Carbon monoxide exposure is dangerous for everyone. However, there are some who are more vulnerable to poisoning. The following individuals should be more careful:

  • Children. Kids have a higher respiratory rate than adults, which means they take more breaths. For this reason, a high CO concentration in the air can speed up potential poisoning.
  • Pregnant Women. Unborn babies are at high risk of carbon monoxide poisoning because fetal cells absorb a lot of CO when exposed to it.
  • Elderly. With age come a weakened immune system and the inability to recover as quickly. In many cases, exposure to CO will cause brain damage to older people.
  • People with Heart Disease. Those with chronic heart disease are susceptible to CO poisoning. Also, persons with anemia and breathing issues are prone to severe complications.


What to Do If You Suspect a Carbon Monoxide Leak

If CO is detected with an alarm device, or if you suspect from your symptoms that you or your family members have been exposed to CO, leave the area of exposure immediately and go to the emergency department. Call the Poison Control Center for further instruction. The gas company, oil company or local health authority can provide help in identifying and removing sources of CO contamination.

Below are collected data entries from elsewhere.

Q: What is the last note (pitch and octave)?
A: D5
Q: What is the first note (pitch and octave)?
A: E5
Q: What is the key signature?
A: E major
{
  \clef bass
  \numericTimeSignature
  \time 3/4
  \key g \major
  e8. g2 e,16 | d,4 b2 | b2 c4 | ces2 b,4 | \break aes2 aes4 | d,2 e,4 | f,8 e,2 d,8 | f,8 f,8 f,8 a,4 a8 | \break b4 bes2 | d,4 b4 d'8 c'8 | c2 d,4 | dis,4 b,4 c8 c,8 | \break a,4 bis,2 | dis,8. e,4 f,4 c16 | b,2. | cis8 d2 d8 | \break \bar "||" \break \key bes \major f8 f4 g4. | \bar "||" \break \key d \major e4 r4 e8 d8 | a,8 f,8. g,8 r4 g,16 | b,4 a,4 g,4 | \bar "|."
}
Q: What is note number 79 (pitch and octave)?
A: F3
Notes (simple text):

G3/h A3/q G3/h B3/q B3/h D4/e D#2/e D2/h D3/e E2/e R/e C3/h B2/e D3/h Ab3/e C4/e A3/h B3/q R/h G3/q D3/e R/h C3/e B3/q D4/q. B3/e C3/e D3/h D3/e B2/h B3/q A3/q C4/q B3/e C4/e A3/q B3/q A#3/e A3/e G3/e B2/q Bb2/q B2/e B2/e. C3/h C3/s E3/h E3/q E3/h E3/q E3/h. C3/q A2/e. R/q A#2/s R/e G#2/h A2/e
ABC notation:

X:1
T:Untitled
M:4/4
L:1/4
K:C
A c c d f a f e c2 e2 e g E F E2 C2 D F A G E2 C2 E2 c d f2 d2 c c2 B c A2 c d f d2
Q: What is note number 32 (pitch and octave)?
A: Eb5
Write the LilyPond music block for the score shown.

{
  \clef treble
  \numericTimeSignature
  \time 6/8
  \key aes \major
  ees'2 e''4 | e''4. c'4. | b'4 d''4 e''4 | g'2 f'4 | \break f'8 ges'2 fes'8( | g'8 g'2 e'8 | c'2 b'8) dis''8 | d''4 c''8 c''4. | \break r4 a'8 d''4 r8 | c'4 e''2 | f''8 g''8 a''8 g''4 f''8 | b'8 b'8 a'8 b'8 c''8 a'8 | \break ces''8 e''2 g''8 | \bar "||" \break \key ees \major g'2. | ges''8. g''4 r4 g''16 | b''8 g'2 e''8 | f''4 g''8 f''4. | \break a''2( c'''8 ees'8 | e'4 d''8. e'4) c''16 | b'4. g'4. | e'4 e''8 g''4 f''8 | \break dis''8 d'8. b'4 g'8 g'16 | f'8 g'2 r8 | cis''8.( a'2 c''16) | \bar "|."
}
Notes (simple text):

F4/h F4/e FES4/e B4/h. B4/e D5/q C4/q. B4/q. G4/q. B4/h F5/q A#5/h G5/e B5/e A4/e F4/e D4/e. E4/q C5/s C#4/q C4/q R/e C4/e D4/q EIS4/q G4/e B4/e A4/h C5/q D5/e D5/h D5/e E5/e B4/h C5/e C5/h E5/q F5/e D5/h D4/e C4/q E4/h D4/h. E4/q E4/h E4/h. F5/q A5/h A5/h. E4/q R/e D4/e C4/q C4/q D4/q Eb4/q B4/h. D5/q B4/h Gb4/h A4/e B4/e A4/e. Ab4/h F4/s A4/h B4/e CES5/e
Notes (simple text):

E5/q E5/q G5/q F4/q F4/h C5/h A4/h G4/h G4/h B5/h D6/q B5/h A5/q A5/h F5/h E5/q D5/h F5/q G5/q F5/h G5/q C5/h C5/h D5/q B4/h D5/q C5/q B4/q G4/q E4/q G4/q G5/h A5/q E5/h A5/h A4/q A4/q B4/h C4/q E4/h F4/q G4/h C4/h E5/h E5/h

Preventing Carbon Monoxide Poisoning

Periodic inspection, and when necessary, repairs to your gas appliances and HVAC system can help to reduce carbon monoxide exposure. By keeping these appliances and their ductwork in tip-top condition, you can significantly reduce or eliminate this deadly gas from entering your living areas.

Safety Tips

  • Install a battery-operated or battery back-up carbon monoxide detector throughout your home.
  • Never leave an automobile or other gas-powered equipment such as a lawn mower running in a closed garage. Back your car out of the garage when allowing it to warm up.
  • Place generators as far from homes as possible (minimum of 25 feet), but also at a safe distance from any nearby dwellings.
  • Never use a gas or charcoal grill in your home or in an enclosed area near the house where the smoke and fumes cannot escape.
  • Follow manufacturer’s operating instructions and precautions when using a space heater.
  • Never heat homes with a gas oven or by burning charcoal.
  • Ensure that fuel-burning space heaters are properly vented.
  • If you suspect carbon monoxide gas in your home, open the windows and leave the premises immediately.



Final Thoughts

Chances are, you have got a perfectly safe gas furnace system and, if you have carbon monoxide detectors, you are most likely just fine. However, that does not minimize the real danger that carbon monoxide leaks pose to our customers and community. Stay smart and stay vigilant.